Problem description:
Only a slice of the listing below is wanted. Retype the lines from the one containing "Helle Wohnung im" through the one containing "Meet your Posher, Ashley", exactly, both ends included.

Records supplied:
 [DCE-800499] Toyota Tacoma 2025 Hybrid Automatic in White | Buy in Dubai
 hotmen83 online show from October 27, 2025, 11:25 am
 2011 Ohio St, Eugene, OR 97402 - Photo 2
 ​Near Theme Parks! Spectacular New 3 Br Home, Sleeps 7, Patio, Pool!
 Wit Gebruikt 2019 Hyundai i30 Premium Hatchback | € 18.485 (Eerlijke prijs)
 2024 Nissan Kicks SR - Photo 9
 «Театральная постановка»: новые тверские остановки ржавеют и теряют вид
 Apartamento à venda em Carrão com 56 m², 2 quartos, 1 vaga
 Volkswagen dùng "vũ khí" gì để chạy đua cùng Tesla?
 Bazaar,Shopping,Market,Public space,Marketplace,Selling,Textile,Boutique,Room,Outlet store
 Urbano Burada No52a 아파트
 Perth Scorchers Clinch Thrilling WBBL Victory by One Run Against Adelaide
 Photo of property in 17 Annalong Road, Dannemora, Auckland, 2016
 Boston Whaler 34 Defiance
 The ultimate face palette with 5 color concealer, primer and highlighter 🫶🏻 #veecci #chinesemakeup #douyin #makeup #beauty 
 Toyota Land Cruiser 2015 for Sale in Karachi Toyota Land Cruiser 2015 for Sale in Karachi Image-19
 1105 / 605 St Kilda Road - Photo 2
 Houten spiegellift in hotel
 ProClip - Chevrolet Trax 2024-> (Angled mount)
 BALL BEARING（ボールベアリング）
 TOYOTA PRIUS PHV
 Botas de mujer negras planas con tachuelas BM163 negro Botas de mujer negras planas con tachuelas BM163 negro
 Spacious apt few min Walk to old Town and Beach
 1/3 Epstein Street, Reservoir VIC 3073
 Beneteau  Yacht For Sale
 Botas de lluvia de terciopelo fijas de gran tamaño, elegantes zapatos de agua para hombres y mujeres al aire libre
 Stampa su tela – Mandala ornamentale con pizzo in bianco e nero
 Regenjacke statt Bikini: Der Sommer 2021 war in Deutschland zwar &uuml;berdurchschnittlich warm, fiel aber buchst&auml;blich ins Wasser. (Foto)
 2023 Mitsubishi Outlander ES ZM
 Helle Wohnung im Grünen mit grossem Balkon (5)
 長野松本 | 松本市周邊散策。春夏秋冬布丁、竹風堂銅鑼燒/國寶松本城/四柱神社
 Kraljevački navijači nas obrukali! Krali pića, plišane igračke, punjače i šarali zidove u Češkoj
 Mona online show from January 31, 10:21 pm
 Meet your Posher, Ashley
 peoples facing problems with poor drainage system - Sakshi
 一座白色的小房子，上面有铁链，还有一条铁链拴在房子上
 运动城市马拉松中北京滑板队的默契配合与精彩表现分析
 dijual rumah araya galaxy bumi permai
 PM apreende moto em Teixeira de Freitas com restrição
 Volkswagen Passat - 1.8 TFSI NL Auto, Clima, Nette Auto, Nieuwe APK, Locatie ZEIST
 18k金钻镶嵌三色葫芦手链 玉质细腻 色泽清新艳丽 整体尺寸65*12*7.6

Response box:
 Helle Wohnung im Grünen mit grossem Balkon (5)
 長野松本 | 松本市周邊散策。春夏秋冬布丁、竹風堂銅鑼燒/國寶松本城/四柱神社
 Kraljevački navijači nas obrukali! Krali pića, plišane igračke, punjače i šarali zidove u Češkoj
 Mona online show from January 31, 10:21 pm
 Meet your Posher, Ashley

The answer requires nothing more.